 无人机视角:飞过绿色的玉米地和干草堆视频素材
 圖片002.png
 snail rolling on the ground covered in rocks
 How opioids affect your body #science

--

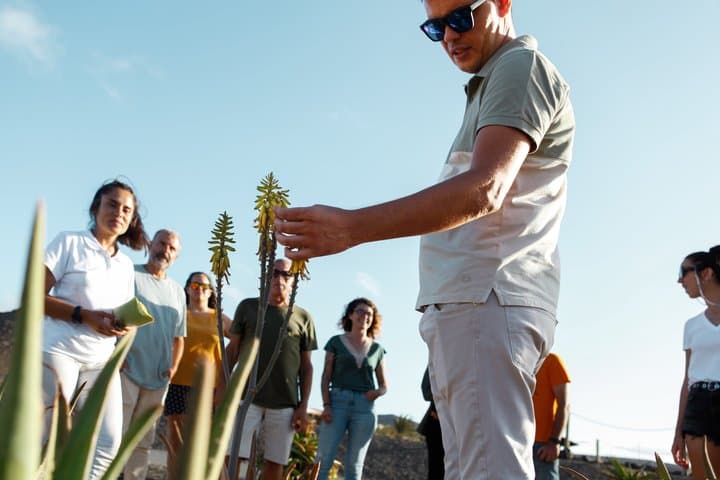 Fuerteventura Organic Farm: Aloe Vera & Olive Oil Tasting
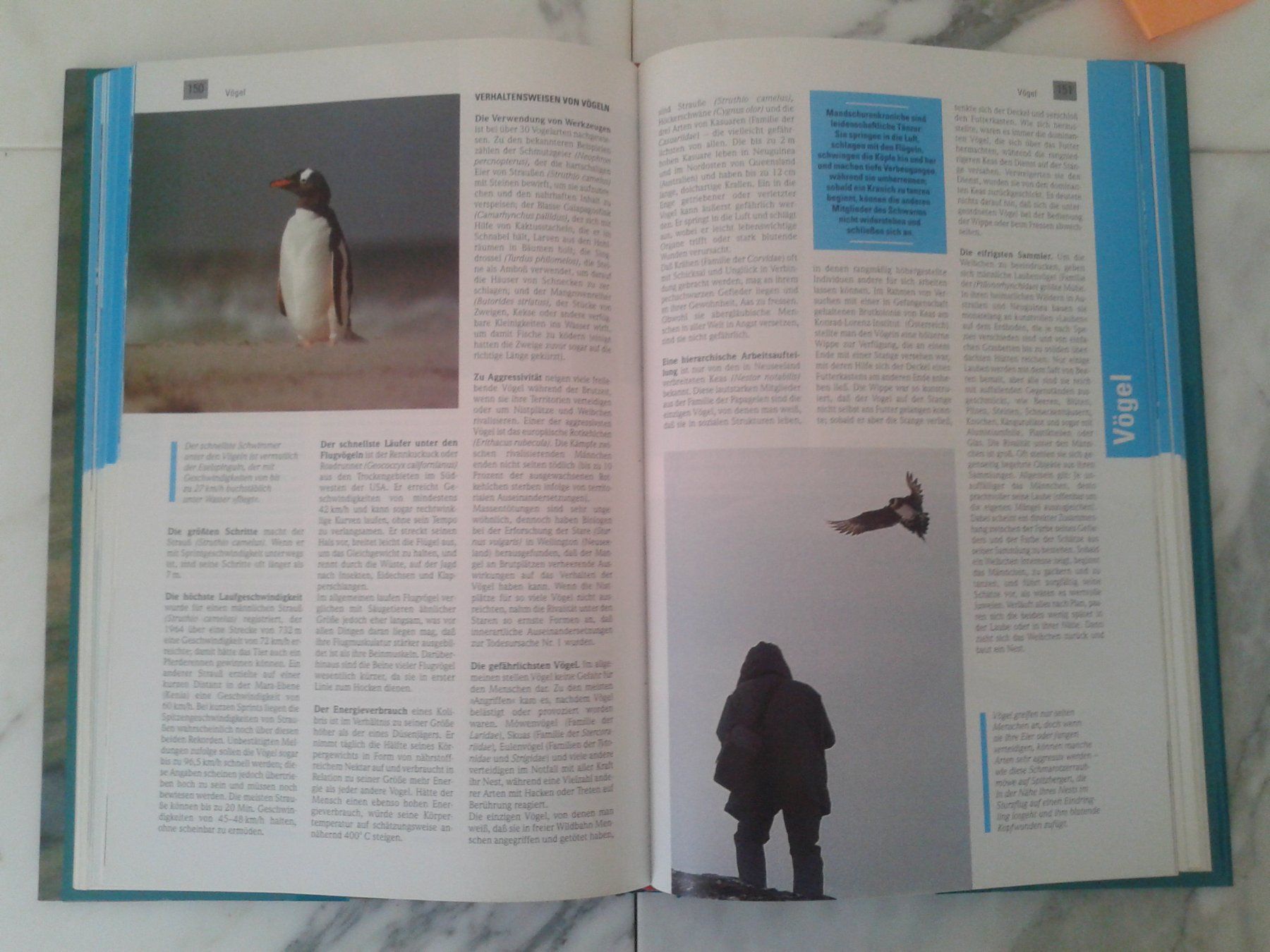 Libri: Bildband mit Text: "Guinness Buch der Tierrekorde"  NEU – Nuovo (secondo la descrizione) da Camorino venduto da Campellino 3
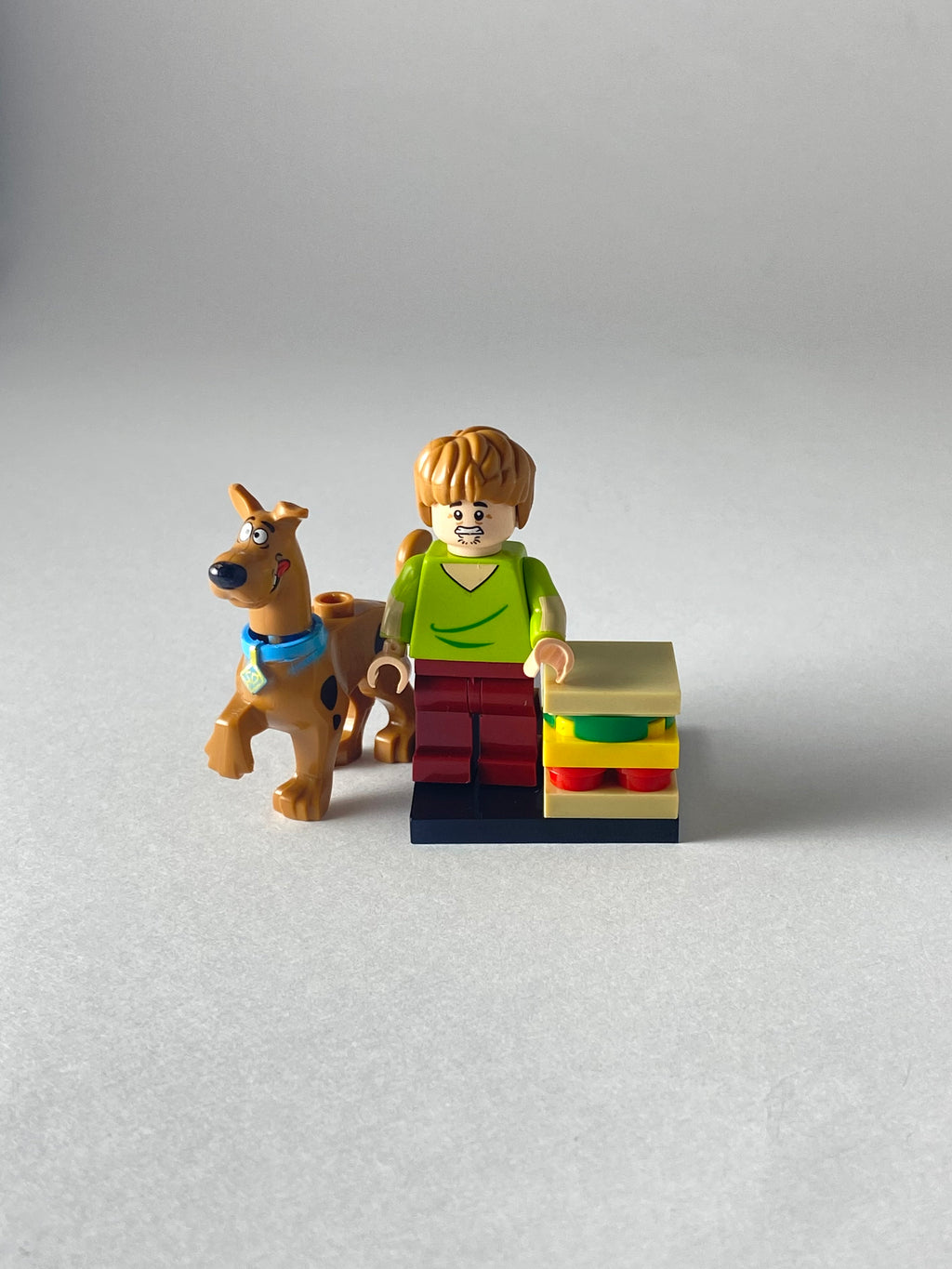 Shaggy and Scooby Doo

--

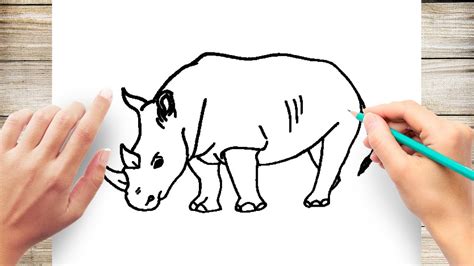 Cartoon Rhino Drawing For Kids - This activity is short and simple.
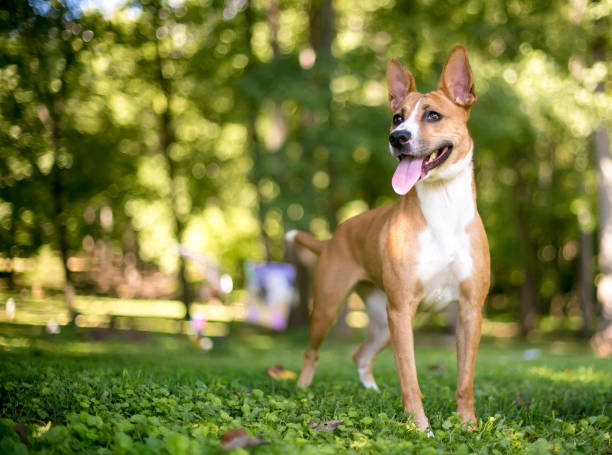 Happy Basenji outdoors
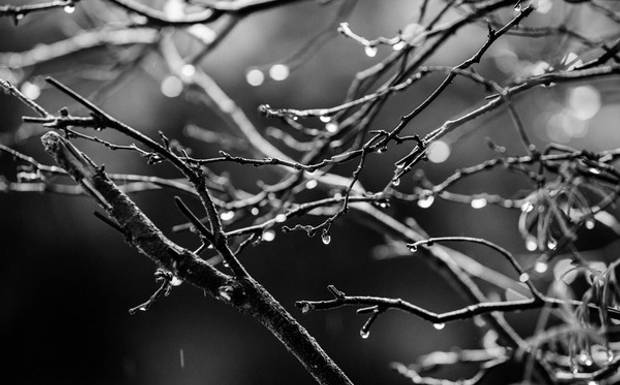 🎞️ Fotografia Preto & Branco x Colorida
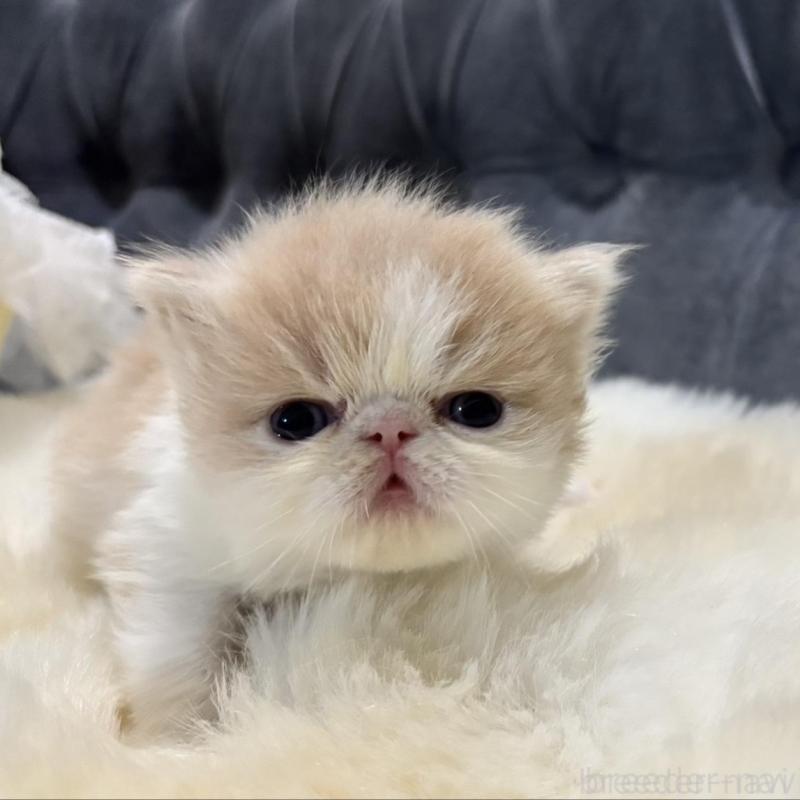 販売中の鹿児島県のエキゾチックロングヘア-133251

#### Exercise
Find where the line with "Cartoon Rhino Drawing" sits in the material above and where the line with "販売中の鹿児島県のエキゾチックロングヘア-133251" sits. Set down exactly the lines from the first to the second, both included and nothing else, without pictures.

#### Result
 Cartoon Rhino Drawing For Kids - This activity is short and simple.
 Happy Basenji outdoors
 🎞️ Fotografia Preto & Branco x Colorida
 販売中の鹿児島県のエキゾチックロングヘア-133251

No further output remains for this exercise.